Empat Aktivis Pro Demokrasi Myanmar Tewas Ditembak Aparat

Polisi melepaskan tembakan ke arah jalan di Kota Mawlamyine.

AP/STL
Seorang pria berlari melewati barikade jalan dan membakar puing-puing Senin, 22 Maret 2021, di Mandalay, Myanmar. BBC mengatakan Senin bahwa seorang jurnalis dari layanan berbahasa Burma dibebaskan oleh pihak berwenang di Myanmar tetapi tidak memberikan rincian, karena pengunjuk rasa di negara Asia Tenggara itu melanjutkan gerakan pembangkangan sipil mereka yang luas terhadap kudeta militer bulan lalu.
Rep: Lintar Satria Red: Teguh Firmansyah

REPUBLIKA.CO.ID, YANGON -- Media Myanmar melaporkan, polisi melepaskan tembakan ke aktivis pro-demokrasi yang turun ke jalan usai aksi hening Rabu (24/3) kemarin. Situs berita Myanmar Now melaporkan empat orang tewas di Kota Taunggyi, Myanmar tengah.

Pada Kamis (25/3) ribuan orang turun ke jalan pusat ekonomi Yangon, pusat kota Monywa dan beberapa kota lainnya. "Apakah kita bersatu? Kita bersatu, revolusi harus menang," kata para pengunjuk rasa.

Salah satu Demonstran Nant Khi Phyu Aye mengatakan sebagian besar peserta unjuk rasa adalah anak muda. "Mereka ingin berunjuk rasa setiap hari, tanpa melewatkan satu hari pun," katanya.

Hithar Media Copr melaporkan polisi melepaskan tembakan ke arah jalan di Kota Mawlamyine dan menangkap 20 orang. Media itu melaporkan setidaknya dua terluka dalam peristiwa tersebut.

Media lain melaporkan setidaknya lima orang terluka karena terjangan peluru setelah pasukan keamanan melepaskan tembakan ke pengunjuk rasa di berbagai kota. Laporan tersebut belum dapat diverifikasi secara independen.

Kelompok aktivis Assistance Association for Political Prisoners (AAPP) mengatakan kekerasan petugas keamanan terhadap pengunjuk rasa telah menewaskan 286 orang. Kini muncul tanda-tanda menguatnya tekanan dari masyarakat internasional.

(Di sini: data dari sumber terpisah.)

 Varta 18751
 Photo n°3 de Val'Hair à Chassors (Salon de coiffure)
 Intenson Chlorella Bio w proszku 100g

Amerika Serikat (AS) berencana menjatuhkan sanksi dua konglomerat yang dikendalikan militer Myanmar atas kudeta 1 Februari dan kekerasan terhadap pengunjuk rasa. Sumber mengatakan Departemen Keuangan AS akan memasukan Myanmar Economic Corporation (MEC) dan Myanmar Economic Holdings Ltd (MEHL) ke daftar hitam dan membekukan aset mereka di AS.

Baca Juga

Aljazirah melaporkan Dewan Keamanan Nasional Gedung Putih menyinggung penyelidikan Departemen Keuangan. Tapi tidak merespons permintaan komentar kantor berita Reuters mengenai sanksi tersebut.

Militer Myanmar menggulingkan pemerintahan sah pemimpin sipil Aung San Suu Kyi dan menahannya bersama pemimpin partai pemenang pemilu Liga Nasional Demokrasi (NDL) lainnya.

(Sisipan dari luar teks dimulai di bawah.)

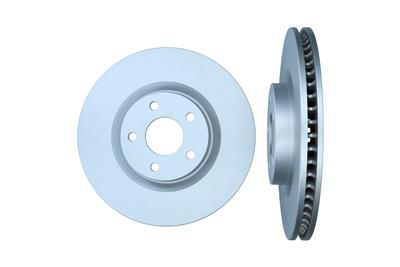 KAMOKA 103062 EAN: 5902473278472.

Demi membenarkan kudeta tersebut militer mengatakan pemilihan umum bulan November lalu diwarnai kecurangan. Kudeta memicu gelombang unjuk rasa dan petugas keamanan menggunakan kekerasan untuk membubarkannya.
 
Organisasi aktivis Assistance Association for Political Prisoners (AAPP) mengatakan sejauh ini sudah 286 pengunjuk rasa yang tewas karena kekerasan tentara dan polisi.
 
Pada 11 Februari lalu Presiden AS Joe Biden sudah mengeluarkan perintah eksekutif yang membuka jalan bagi pemerintahannya memberi sanksi pada militer dan pihak-pihak yang terlibat dalam kudeta 1 Februari. Perintah tersebut membekukan aset bank sentral Myanmar di bank sentral AS, Federal Reserve (Fed).

Militer Myanmar mencoba mencairkan aset tersebut tidak lama setelah merebut kekuasaan dengan paksa. Uni Eropa, AS, Inggris dan Kanada sudah memberlakukan sanksi pada jenderal-jenderal militer Myanmar termasuk Panglima Min Aung Hlaing dan anak-anaknya yang sudah dewasa.